わたしはムーミンに恐怖を覚えるタイプの人間だ。少なくとも、これまで生きてきて、わたしほどムーミンにビビってる人間に出会ったことがない。

幼少期にムーミン案件で恐怖体験をしてからというものの、ムーミンは長い間トラウマだった。大学を出たあたりでようやくそこまで怖がらなくなったが、ムーミンを見かけるたび、いまだに「ムーミン…」と条件反射で身構えている自分がいる。

そんなわたし。
「海外行くならどこ行きたい?」と聞かれたら「フィンランド」と答えている。


『かもめ食堂』はフィンランドのヘルシンキが舞台の小説。

料理人であるサチエさんは、単身フィンランドに移住し食堂を開く。初めこそ、現地の人に遠目で怪しまれていたものの、徐々にお客さんが入ってくるようになり、同じく単身でフィンランドへやってきたミドリさんとマサコさんも従業員に加わって、賑やかな?食堂での日々が描かれる。

嫌な人は出てこない。なんとも読んだ後は、ほっこり幸せ気分になれる小説だ。

食堂を開くという目的を持って移住したサチエさんと違って、ミドリさんとマサコさんは、特に目的や目標があってフィンランドにやってわけじゃない。
ミドリさんは長年勤めた会社が倒産して。
マサコさんは親の介護がひと段落して。
最初のきっかけは違えど、二人ともに共通して言えることは、本当に勢いに任せて日本を飛び出してきたっていうとこ。この先どうするか、本人たちにもわからない。
でも二人とも、サチエさんに出会って、かもめ食堂という居場所を得て、すごく活き活きしていて楽しそう。

そんな二人を見ていると、何かしたいことがあるわけじゃないけれど、思いつきと偶然に身を任せて(もちろん危険なことはダメだけどね!)とりあえず動いてみる、というのも時には悪くないかもしれない。

自分も思い返せば、なんとなく、とか直感で動いたときは、いい出会いがあったり、意外と上手くいってしまった、なんてことはよくあった。

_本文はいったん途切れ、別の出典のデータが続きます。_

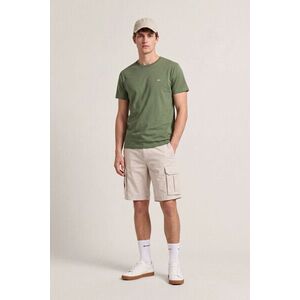 RÖVIDNADRÁG GANT REG TWILL CARGO SHORTS SAND kép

何かしなければ、何をこれからやるのか決めなければ、あれをしなければ、こうしなければ、と計画性を(特に学生は)やたら重視されがちだけど、ここに出てくる人たちを見ていると、そんなキリキリした気分を軽く吹き飛ばしてくれる。

だから読んだ後、なんかわかんないけど、スッキリしたわーっていう気分になるのかもしれない。



わたしが「かもめ食堂」を最初に知ったのは、映画の方だった。観たのは大学生の時だったか高校生の時だったか。

海外旅行にもまるで興味がなかった自分でも、画面越しに見るヘルシンキの空気感に、「なんかいいな〜」とすごくいいイメージを持ったんだろうな。

もしや、ムーミンとの因縁も実はフィンランドとのご縁の伏線だった、なんてこと…いやないか。